All’alba del 2006 gli economisti internazionali coniarono un acronimo per indicare una serie di Paesi che, all’epoca, condividevano una situazione economica in via di sviluppo riscontrabile in una decisa crescita del loro prodotto interno lordo e nell’abbondanza di risorse naturali.

Il rapido tramonto dei Brics

I BRICS, cioè Brasile, Russia, India, Cina e Sud Africa, avevano letteralmente ipnotizzato il mondo. La maggior parte delle previsioni era concorde nel ritenere che questo gruppo di nazioni avrebbe conquistato quote sempre più grandi nel commercio mondiale. Il trucco del successo dei BRICS, ai quali si sarebbe poi idealmente aggiunta anche la Turchia, consisteva nel costruire un sistema commerciale globale a colpi di accordi bilaterali, non basati sul dollaro ma su altre monete.
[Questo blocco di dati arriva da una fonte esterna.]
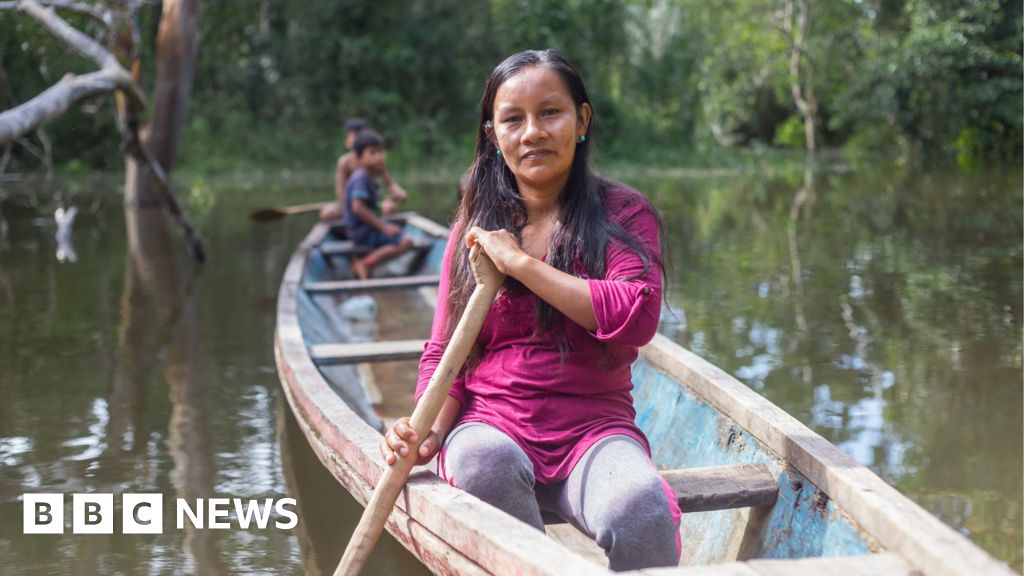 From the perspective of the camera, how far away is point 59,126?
17.9m

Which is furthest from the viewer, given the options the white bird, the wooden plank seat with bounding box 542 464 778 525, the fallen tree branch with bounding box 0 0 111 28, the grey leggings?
the white bird

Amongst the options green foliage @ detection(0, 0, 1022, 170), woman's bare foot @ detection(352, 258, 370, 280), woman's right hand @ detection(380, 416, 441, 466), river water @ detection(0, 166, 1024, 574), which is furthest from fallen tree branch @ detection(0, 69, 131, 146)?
green foliage @ detection(0, 0, 1022, 170)

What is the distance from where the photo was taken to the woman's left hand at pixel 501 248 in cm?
209

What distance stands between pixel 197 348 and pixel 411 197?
8521mm

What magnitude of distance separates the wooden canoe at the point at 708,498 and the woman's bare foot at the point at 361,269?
2.84 m

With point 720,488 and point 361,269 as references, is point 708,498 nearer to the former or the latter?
point 720,488

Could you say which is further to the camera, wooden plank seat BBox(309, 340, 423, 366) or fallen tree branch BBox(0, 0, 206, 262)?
fallen tree branch BBox(0, 0, 206, 262)

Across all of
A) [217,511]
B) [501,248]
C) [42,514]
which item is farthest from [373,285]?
[501,248]

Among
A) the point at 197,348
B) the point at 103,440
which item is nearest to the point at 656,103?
the point at 197,348

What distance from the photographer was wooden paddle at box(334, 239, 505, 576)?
2127 millimetres

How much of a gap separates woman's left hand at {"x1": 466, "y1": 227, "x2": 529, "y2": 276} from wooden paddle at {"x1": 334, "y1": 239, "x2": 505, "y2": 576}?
0.9 inches

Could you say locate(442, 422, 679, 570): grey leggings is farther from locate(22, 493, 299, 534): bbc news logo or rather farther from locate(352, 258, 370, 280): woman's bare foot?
locate(352, 258, 370, 280): woman's bare foot

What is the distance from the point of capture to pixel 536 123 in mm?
2148

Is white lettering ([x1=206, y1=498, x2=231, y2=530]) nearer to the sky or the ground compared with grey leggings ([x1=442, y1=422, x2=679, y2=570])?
nearer to the ground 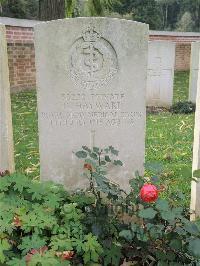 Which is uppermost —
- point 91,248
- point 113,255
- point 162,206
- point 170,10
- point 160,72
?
point 170,10

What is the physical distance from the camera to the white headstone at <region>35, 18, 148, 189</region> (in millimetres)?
3225

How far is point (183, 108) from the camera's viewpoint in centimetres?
881

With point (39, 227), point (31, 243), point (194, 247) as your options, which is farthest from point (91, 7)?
point (194, 247)

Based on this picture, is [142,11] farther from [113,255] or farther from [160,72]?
[113,255]

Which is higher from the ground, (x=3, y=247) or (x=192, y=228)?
(x=192, y=228)

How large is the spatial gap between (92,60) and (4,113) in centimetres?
89

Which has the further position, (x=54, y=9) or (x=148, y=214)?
(x=54, y=9)

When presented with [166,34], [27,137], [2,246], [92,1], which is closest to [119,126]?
[2,246]

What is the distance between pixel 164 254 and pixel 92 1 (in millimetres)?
Answer: 6970

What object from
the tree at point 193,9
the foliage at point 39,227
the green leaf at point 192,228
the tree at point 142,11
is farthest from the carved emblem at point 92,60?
the tree at point 193,9

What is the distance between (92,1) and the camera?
8539mm

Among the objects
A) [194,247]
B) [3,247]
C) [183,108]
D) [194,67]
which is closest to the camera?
[194,247]

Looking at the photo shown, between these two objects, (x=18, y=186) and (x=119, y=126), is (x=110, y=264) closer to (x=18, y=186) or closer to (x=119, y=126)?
(x=18, y=186)

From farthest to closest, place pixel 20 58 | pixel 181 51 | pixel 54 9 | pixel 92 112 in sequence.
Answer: pixel 181 51, pixel 20 58, pixel 54 9, pixel 92 112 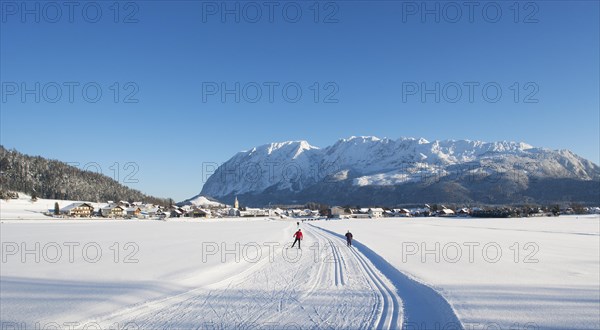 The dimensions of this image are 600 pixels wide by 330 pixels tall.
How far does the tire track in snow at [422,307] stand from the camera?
7.35 m

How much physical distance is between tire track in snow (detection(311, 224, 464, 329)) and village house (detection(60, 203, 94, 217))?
110 meters

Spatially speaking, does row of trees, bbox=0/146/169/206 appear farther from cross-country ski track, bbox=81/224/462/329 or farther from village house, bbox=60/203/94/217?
cross-country ski track, bbox=81/224/462/329

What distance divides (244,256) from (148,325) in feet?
37.0

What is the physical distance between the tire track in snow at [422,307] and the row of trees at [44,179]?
488ft

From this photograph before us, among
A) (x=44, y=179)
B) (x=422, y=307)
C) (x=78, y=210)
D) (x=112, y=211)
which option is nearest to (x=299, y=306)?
(x=422, y=307)

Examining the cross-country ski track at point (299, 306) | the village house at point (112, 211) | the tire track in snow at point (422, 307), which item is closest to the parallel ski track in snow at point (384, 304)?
the cross-country ski track at point (299, 306)

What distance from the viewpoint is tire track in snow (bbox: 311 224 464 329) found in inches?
289

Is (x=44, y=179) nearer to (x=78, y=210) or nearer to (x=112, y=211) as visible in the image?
(x=112, y=211)

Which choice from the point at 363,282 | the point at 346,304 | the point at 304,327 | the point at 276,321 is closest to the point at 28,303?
the point at 276,321

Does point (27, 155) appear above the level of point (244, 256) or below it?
above

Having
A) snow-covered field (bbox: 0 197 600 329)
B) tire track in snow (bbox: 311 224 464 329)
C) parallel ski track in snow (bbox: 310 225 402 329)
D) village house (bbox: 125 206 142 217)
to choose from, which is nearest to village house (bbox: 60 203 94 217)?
village house (bbox: 125 206 142 217)

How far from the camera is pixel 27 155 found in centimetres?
15788

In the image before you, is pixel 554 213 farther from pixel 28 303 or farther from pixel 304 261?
pixel 28 303

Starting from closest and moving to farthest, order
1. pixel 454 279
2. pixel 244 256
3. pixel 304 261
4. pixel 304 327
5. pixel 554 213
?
pixel 304 327 < pixel 454 279 < pixel 304 261 < pixel 244 256 < pixel 554 213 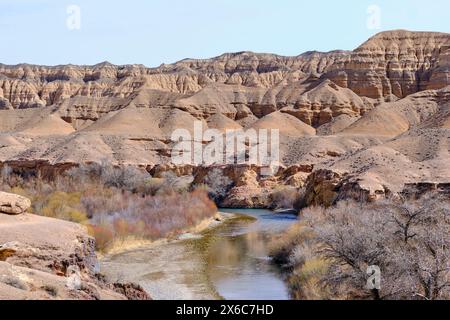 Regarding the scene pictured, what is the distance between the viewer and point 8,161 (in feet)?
281

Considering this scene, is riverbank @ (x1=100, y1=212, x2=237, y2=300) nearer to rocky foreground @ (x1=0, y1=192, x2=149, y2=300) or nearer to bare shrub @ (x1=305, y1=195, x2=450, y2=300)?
rocky foreground @ (x1=0, y1=192, x2=149, y2=300)

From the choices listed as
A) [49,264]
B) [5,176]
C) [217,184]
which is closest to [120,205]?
[217,184]

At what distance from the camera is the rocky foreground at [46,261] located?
14445mm

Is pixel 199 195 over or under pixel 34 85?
under

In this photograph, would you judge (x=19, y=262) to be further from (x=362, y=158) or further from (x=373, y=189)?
(x=362, y=158)

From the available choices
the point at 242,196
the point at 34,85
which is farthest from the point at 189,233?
the point at 34,85

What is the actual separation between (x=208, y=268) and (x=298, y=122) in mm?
82570

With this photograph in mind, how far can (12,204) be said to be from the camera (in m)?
23.5

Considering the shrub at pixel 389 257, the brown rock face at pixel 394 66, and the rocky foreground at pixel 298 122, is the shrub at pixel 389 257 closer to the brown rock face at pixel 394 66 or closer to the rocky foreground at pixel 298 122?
the rocky foreground at pixel 298 122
Il sogno di mezza estate durò il tempo di qualche anno. E il principale problema fu legato alla concezione economicistica che sottendeva l’aggregazione artefatta dei BRICS: l’idea che l’economia potesse farsi unico ordinatore e che la connettività monetaria e finanziaria plasmasse una convergenza tra sistemi così diversi tra loro. Dimenticando la grammatica strategica che vede l’economia come derivata di precise scelte politiche e geo-strategiche.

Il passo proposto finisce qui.